石川県の漆芸文化を絶やさないために。産地を超えた作家や職人たちによる『うるしで紡ぐ未来』展が加賀市美術館で開催中
コロカルニュース
石川県では、「塗りの輪島」「蒔絵の金沢」「木地の山中」といわれるそれぞれの特色を生かした漆芸が受け継がれてきました。しかし、2024年1月1日に起きた能登半島地震で、輪島の漆芸は甚大な被害を受けます。 【写真で見る】工具として仕えない、何の役にも立たないものを漆でつくる。そこに面白みや新しい漆の技が生きています。『工具箱』〈漆芸アート集団 彦十蒔絵〉 石川県加賀市の山中温泉や山代温泉では現在も、二次避難先として輪島の漆芸にかかわる職人たちが生活されています。しかし、家屋や工房の倒壊で生活再建に追われるなか、道具を失い、制作する場もない職人たちは、仕事の再開のめども立っていない状況です。 そんななか〈加賀市美術館〉では、同じ漆芸の産地として漆芸界を応援する企画展を実施しようと、学芸員の洞口寛(ほらぐちゆたか)さんを中心に、約4か月という短いスケジュールのなか、開催へとこぎつけました。そこには、伝統工芸である漆芸の火を絶やしてはいけないという強い思いと、不思議な縁に引き寄せられた出会いがありました。 「企画展を開催するにあたり、最初は〈石川県輪島漆芸美術館〉に相談しましたが、『美術館の被害が大きいため、貸し出せる状況ではない』といわれました。

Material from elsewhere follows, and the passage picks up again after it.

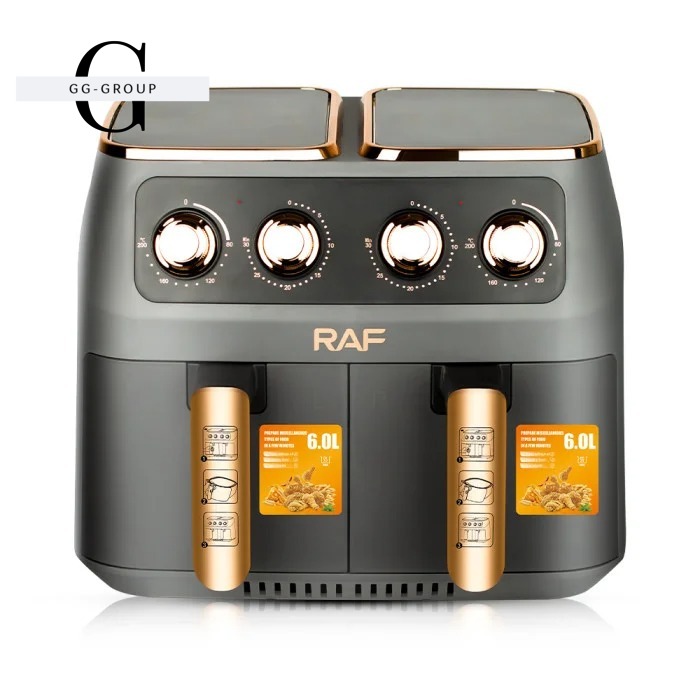 Аерофритюрниця RAF R.5236 6л+6л 2800 Вт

あの被害状況のなかではそうだろうと思いますし、輪島の作家さんも被災している状況なので、作品を出してとほしいといえず、企画自体が難航してしまいました」と洞口さん。 そんなとき、京都の古美術店が立ち上げたプロジェクトに、輪島の〈漆芸アート集団 彦十蒔絵〉の名前を見つけたといいます。 「〈漆芸アート集団 彦十蒔絵〉の代表である若宮隆志(わかみやたかし)さんのことは、世界的にも有名な鍛金家・山田宗美(やまだそうび)の『鉄打出兎置物』をモチーフにした作品を乾漆でつくられたのを見て気になっていました。山田宗美の『鉄打出兎置物』は加賀市美術館が所蔵していることもあり、これも縁ではないかと、声をかけさせていただいたんです。すぐに快諾をいただき、そこから、山中漆器の工房や作家さんにも依頼し、何とか開催にこぎつけることができました」と洞口さん。 復旧もままならないなか、手探りで動き始めたことが、漆芸界の応援への一歩となりました。これは“ウサギがつないだ縁”といえる出会いだったようです。 「今回、この展覧会でふたつのウサギの作品を並べて展示しています。山田宗美のウサギは鉄でできているのに鉄に見えず、若宮隆志さんのウサギは漆でつくっているのに鉄に見えるんです。ふたりの技が時空を超えて、実感できる貴重な展示となっています」と、洞口さんは熱く語ってくれました。 ■先のことはわからないが、まず一歩踏み出したい。〈漆芸アート集団 彦十蒔絵〉がすぐに活動を再開できた理由 能登半島地震の被害は、孤立した地域や、二次災害による輪島の朝市周辺の全焼など、全貌さえもなかなかつかめない状況が続きました。何からスタートしたらよいのか、日々の生活さえままならないなかで、〈漆芸アート集団 彦十蒔絵〉は、すぐに職人への義援金を立ち上げたといいます。それが震災発生から5日後のことでした。 〈漆芸アート集団 彦十蒔絵〉でマネージャーを担当する台湾出身の高禎蓮(たかていれん)さんは、こう話します。 「震災後すぐに、これまで支援をいただいていた国内外のお客様から『支援したい』『何を送ればいいか』という問い合わせをいただきました。そこで若宮とも相談し、確実に職人さんの手に届けられるよう、支援をお金に限定し、時間がかかってもいいので、漆に関した返礼品ができるようにと考えました。これも漆の仕事を再開するひとつの方法になるんじゃないかと思ったんです」 いち早く動き出した結果、職人さんたちに義援金を渡すことができ、アパートを借りるなど、生活の基盤を整えてもらうことにつながったそうです。さらに、県外に帰省中だったため被災していなかった若い職人の女性ふたりが、すぐにSNSでのサポートを開始。テレビや新聞ではキャッチできない職人さんたちの安否確認や、避難所の情報などを調べてくれたのだとか。 彼女たちの素早い行動もあり、職人さんたちへすぐに義援金を渡せたことが新聞などで大きな反響を呼ぶことに。支援する側も目に見えたかたちで職人さんたちを支えることができ、日本の伝統美である漆芸に関心を持ってもらうきっかけにもつながりました。